Released on Sept. 17, the show entered the Top 10 on Sept. 19 at No. 8, climbed to No. 2 the next day, and was at No. 1 by its fourth day of availability on Sept. 21. In its home market of South Korea, “Squid Game” debuted in second place and reached the top spot a day later.
The show’s writer-director Hwang Dong-hyuk is naturally pleased with the show’s success. But making “Squid Game” was a long and stressful process and not something he is planning to repeat – or, at least, not quite yet.
“I’m not great at team-work,” Hwang told Variety, though he says he is trying to change his ways. Hwang’s track record suggests that his solitary methods to date have served him well.

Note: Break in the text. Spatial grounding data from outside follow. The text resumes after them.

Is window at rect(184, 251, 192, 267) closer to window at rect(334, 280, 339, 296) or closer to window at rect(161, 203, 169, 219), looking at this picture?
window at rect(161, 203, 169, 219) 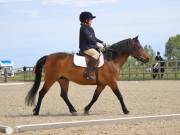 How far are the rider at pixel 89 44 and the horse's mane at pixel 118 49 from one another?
0.45 meters

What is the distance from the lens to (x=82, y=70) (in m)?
12.5

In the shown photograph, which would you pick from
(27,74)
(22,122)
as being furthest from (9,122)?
(27,74)

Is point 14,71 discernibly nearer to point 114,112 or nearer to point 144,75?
point 144,75

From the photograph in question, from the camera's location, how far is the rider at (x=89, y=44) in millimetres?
12305

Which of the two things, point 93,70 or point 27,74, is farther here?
point 27,74

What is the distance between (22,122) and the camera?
34.7 ft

He wrote and directed 2011 sexual abuse film “Silenced,” adapted and directed historical actioner “The Fortress” in 2017. Both were major hits. And, in between, Hwang was called in as the final screenwriter and director of nostalgic musical comedy “Miss Granny.” It is not only one of the most successful Korean films of all times, but has also been localized and remade in seven other countries, including China and Japan.

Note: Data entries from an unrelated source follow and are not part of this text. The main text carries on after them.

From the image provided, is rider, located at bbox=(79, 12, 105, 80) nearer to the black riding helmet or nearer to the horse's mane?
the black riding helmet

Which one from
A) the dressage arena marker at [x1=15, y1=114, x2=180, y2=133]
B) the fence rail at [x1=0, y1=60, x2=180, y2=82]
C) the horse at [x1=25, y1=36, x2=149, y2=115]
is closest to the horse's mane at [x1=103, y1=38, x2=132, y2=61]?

So, Hwang is quietly peeved to find himself accused of borrowing too much from other survival genre films “Hunger Games,” “Battle Royale” and, in particular, 2014 Japanese film “As the Gods Will” by shock-meister Miike Takashi.
But Hwang brushes off the criticism by referring to his notes for the project, originally conceived as a feature film, in 2008. “I freely admit that I’ve had great inspiration from Japanese comics and animation over the years,” he said. “When I started, I was in financial straits myself and spent much time in cafes reading comics including ‘Battle Royale’ and ‘Liar Game.’ I came to wonder how I’d feel if I took part in the games myself. But I found the games too complex, and for my own work focused instead on using kids’ games.”
Simplicity and easily-relatable characters are two of the elements that Hwang believes have helped “Squid Game” succeed abroad.
“I wanted to write a story that was an allegory or fable about modern capitalist society, something that depicts an extreme competition, somewhat like the extreme competition of life. But I wanted it to use the kind of characters we’ve all met in real life,” Hwang said. “As a survival game it is entertainment and human drama. The games portrayed are extremely simple and easy to understand. That allows viewers to focus on the characters, rather than being distracted by trying to interpret the rules.”
“In my earlier days, I’d drink half a bottle of soju (Korean liquor) to get the creative juices flowing. I can’t do that any more,” Hwang said. “Writing (‘Squid Game’) was harder than normal for me as it was a series, not a film. It took me six months to write and rewrite the first two episodes. Then I consulted verbally with friends, and picked up clues for improvements through my own pitching and from their responses.”
The result is both universal and typically Korean: well-written, well-packaged and purposeful in the time taken to create empathy for the lead character, an unemployed man, Gi-hun, who has been fired, failed with his own business and now gambles with money he steals from his mother. The generous backstory is necessary as, in typically Korean fashion, he gets put through hell.
Appropriately perhaps, Gi-hun is played by dashingly handsome star Lee Jung-jae (“Along With the Gods,” “The Face Reader”), who is made to look like trash.
That could be a metaphor for the country’s entertainment industry, where Netflix has committed a nearly $500 million spend this year, but which is always looking over its shoulder. While Korea is tasting unprecedented success in music, TV and film, next month’s Busan film festival will hold a seminar about the sector’s impending crisis.
“Outwardly, Korean entertainment seems to be doing very well. Think of BTS, ‘Parasite,’ ‘Gangnam Style’ or ‘Crash Landing on You.’ But South Korean society is also very competitive and stressful. We have 50 million people in a small place. And, cut off from the continent of Asia by North Korea, we have developed an island mentality,” Hwang explains. “Some of that stress is carried over in the way that we are always preparing for the next crisis. In some ways it is a motivator. It helps us ask what more should be done. But such competition also has side-effects.”
Hwang says he may return to feature movies before making a “Squid Game” sequel. He is currently at work on a draft of a film, tentatively called “KO Club,” short for “Killing Old Men Club,” which he pitches as a kind of inter-generational war premise.
“I don’t have well developed plans for ‘Squid Game 2.’ It is quite tiring just thinking about it. But if I were to do it, I would certainly not do it alone. I’d consider using a writers’ room and would want multiple experienced directors.”